Ogni anno viene ricordata la giornata mondiale dell’amicizia, ma forse non molti si ricordano, oppure non lo sanno, che a mandare il primo uomo sulla luna, fu un italiano.
3,2,1...gooo. Erano le 9.32 del 16 luglio 1969 quando, dalla consolle di comando della "fire room" n° 1 di Houston, Rocco Anthony Petrone dette il via alla missione “Apollo 11”.
Accanto a lui c’era Wernher von Braun e, incollati alle televisioni in bianco e nero di tutto il mondo, miliardi di occhi increduli.
21 luglio (in Italia), il Comandante della missione Neil Armstrong, il Pilota del modulo di comando Michael Collins ed il Pilota del modulo lunare Edwin Aldrin Jr., toccarono il suolo lunare. Una storia incredibile, quella di Rocco, raccontata da Renato Cantore nel libro "La tigre e la luna".
Perché la tigre? Ma perché l'italo-americano era soprannominato dai colleghi della Nasa la tigre di Cape Cañaveral.
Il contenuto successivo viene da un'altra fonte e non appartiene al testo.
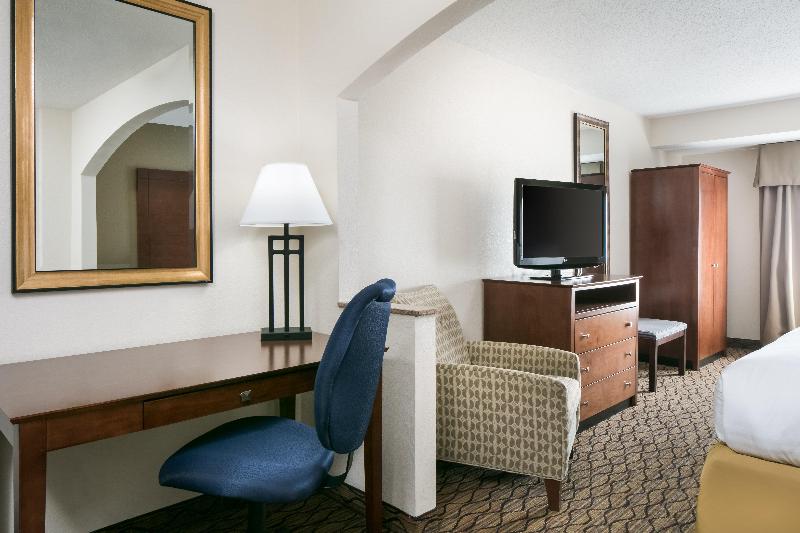 Holiday Inn Express & Suites Clinton image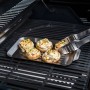 Enders Grillschale aus Edelstahl mit gefüllten Champignons und Grillzange auf einem Grill.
E per capire il perché, basta scorrere la biografia di un uomo in cui convivevano inflessibile tenacia e una memoria prodigiosa che, racconta chi ci ha lavorato, lo faceva assomigliare a un computer. Quando mio figlio mi domandava perché fossi sempre assente - raccontava Petrone ai pochi cronisti che riuscivano a incontrarlo - io gli parlavo delle grandi conquiste dell'uomo e dello straordinario privilegio che lui e milioni di persone sparse nel mondo avrebbero avuto nell'assistere alla conquista della Luna. Soffrivo, ma non ho mai avuto dubbi. In otto anni di preparazione, dai razzi Saturno ai primi lanci di Apollo, ho accumulato più esperienza tecnologica di quanta una persona normale ne faccia in tutta la vita. E arrivai all'appuntamento sicuro di poter contare su una squadra eccezionale.
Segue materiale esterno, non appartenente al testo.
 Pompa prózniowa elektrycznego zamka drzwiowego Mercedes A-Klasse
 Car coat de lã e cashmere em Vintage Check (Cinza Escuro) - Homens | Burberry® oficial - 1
La leggenda comincia nel 1926 quando ad Amsterdam (New York) nasce Rocco, il figlio terzogenito di un carabiniere nato a Sasso di Castalda, un paesino in provincia di Potenza (Basilicata), abbandonato per cercare fortuna negli Stati Uniti. Un lavoro nel settore dei trasporti, ma papà morì quando il piccolo aveva appena sei anni. Fu il cugino, docente ad appena trent'anni che aveva conosciuto quanto lui le sofferenze della fame, a intuirne le grandi capacità. Soprattutto per la matematica e lo indirizzò agli studi tecnici. Dopo gli ottimi voti scolastici, Petrone partecipò a un concorso per entrare nella prestigiosa Accademia militare di West Point. Concorso che vinse, nonostante le origini italiane, un grave handicap nel 1943, in piena seconda guerra mondiale. La mamma e gli zii - ricorda Rocco - ci tenevano molto a che la prima generazione americana dei Petrone facesse strada e l'ingresso all'Accademia mi diede una nuova identità, nonostante odiassi il militarismo. Dopo il servizio militare in Germania, Petrone si iscrisse al celeberrimo Mit, il Massachussetts Institute of Tecnology di Boston. Davanti a lui si schiudevano le porte della carriera militare, ma c'era anche la remota possibilità di uscire dalla divisa per entrare nei progetti spaziali. Affascinato dalle tecnologie aeree e dai missili, ma contrario agli impegni militari, Petrone colse al volo l'opportunità e in due anni conseguì la laurea in Ingegneria meccanica per poter far parte del Progetto Redstone e della squadra di Von Braun e Debus, scienziati tedeschi riconvertiti alle scienze aerospaziali.
«Furono anni indimenticabili - ricorda - Eravamo tutti amici e tutti convinti che mai e poi mai un missile avrebbe potuto portare l'uomo sulla Luna, io per primo. Quando arrivammo, nel 1953, Cape Cañaveral era solo una landa desolata con una carovana di zingari e tante zanzare». Divenuto maggiore, Petrone fu assegnato allo Stato Maggiore a Washington, ma a toglierlo dalla naftalina ci pensò il presidente John Kennedy. Quando chiese a Kurt Debus se fosse possibile inviare un americano sulla Luna entro il 1969, questi rispose: Sì, a patto che mi diate un certo Rocco Petrone che adesso si annoia in un ufficio del Pentagono.
La tigre di Cape Cañaveral, di origine lucana, morì a Palos Verdes Estates (California), all'età di 80 anni, il 24 agosto 2006, lasciando la moglie Ruth Holley e quattro figli.